# [About this task]
Would you output the entries below only from the line containing "Beautiful Font Bundle - 73 Premium Fonts" through the line containing "StoreYourBoard Wakefield Fold", exactly as they stand and with both ends included?

# [Material supplied]

- Opening Delimiter -

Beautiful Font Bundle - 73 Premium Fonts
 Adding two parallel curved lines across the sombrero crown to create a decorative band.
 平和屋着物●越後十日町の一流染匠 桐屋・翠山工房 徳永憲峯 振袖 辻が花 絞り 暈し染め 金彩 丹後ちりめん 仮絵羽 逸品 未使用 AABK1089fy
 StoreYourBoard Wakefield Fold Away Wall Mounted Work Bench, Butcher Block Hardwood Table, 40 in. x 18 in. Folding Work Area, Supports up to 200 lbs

- Closing Delimiter -
- Opening Delimiter -

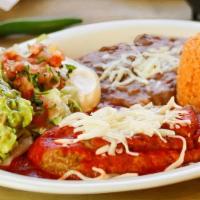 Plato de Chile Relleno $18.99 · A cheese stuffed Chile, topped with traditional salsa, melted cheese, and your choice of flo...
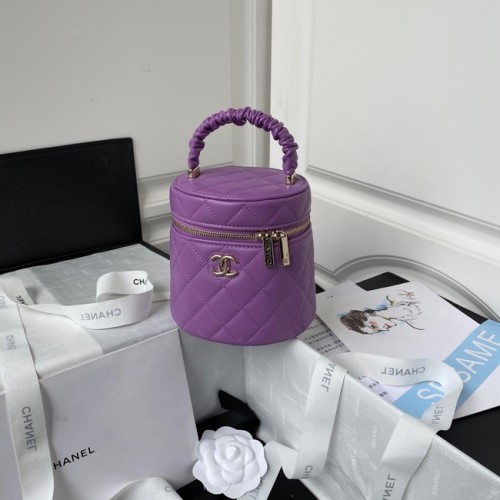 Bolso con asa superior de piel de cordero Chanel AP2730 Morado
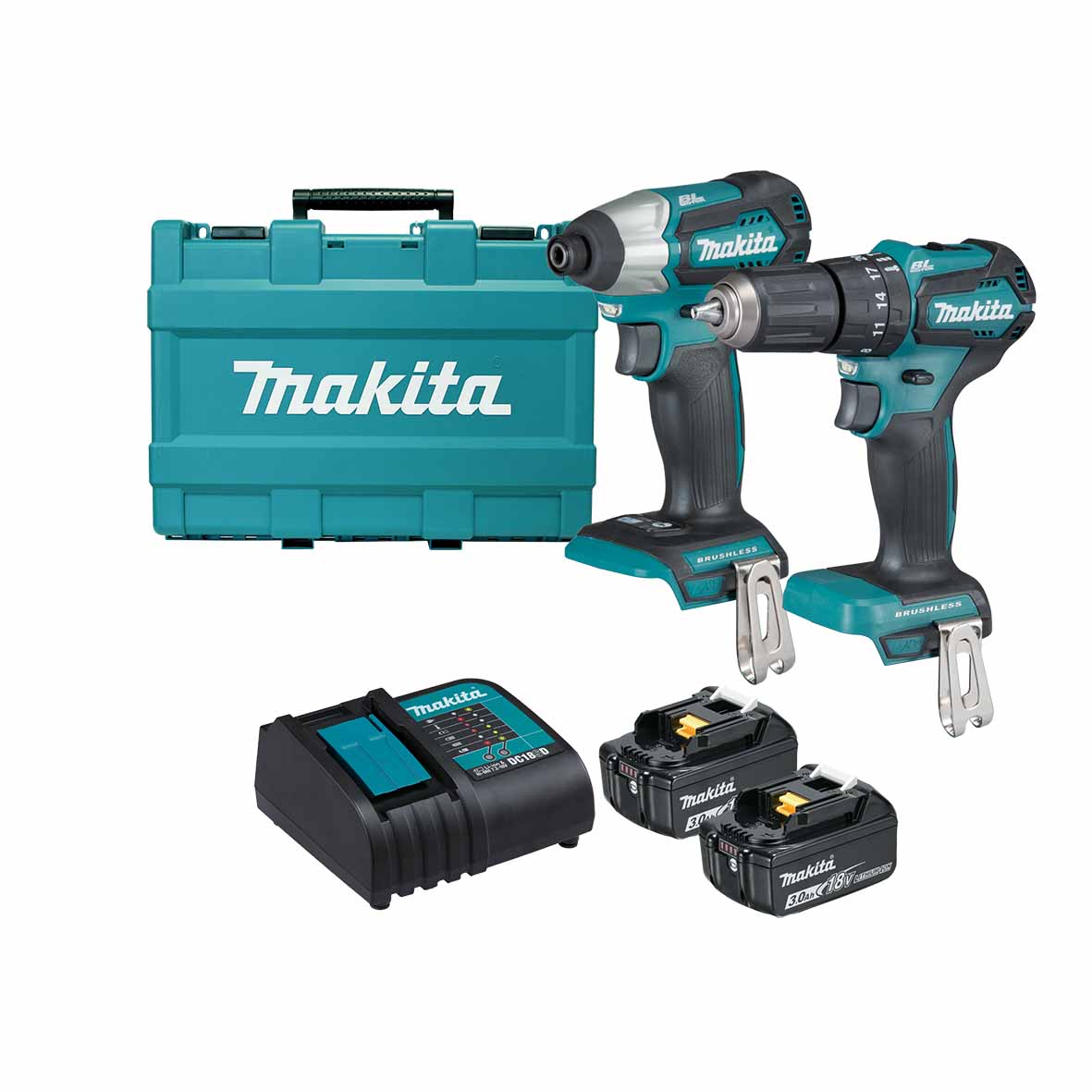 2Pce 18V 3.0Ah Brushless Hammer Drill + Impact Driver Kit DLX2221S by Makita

- Closing Delimiter -
- Opening Delimiter -

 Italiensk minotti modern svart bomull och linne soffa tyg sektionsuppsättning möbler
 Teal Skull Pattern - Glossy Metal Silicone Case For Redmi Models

- Closing Delimiter -

# [Written answer]
Beautiful Font Bundle - 73 Premium Fonts
 Adding two parallel curved lines across the sombrero crown to create a decorative band.
 平和屋着物●越後十日町の一流染匠 桐屋・翠山工房 徳永憲峯 振袖 辻が花 絞り 暈し染め 金彩 丹後ちりめん 仮絵羽 逸品 未使用 AABK1089fy
 StoreYourBoard Wakefield Fold Away Wall Mounted Work Bench, Butcher Block Hardwood Table, 40 in. x 18 in. Folding Work Area, Supports up to 200 lbs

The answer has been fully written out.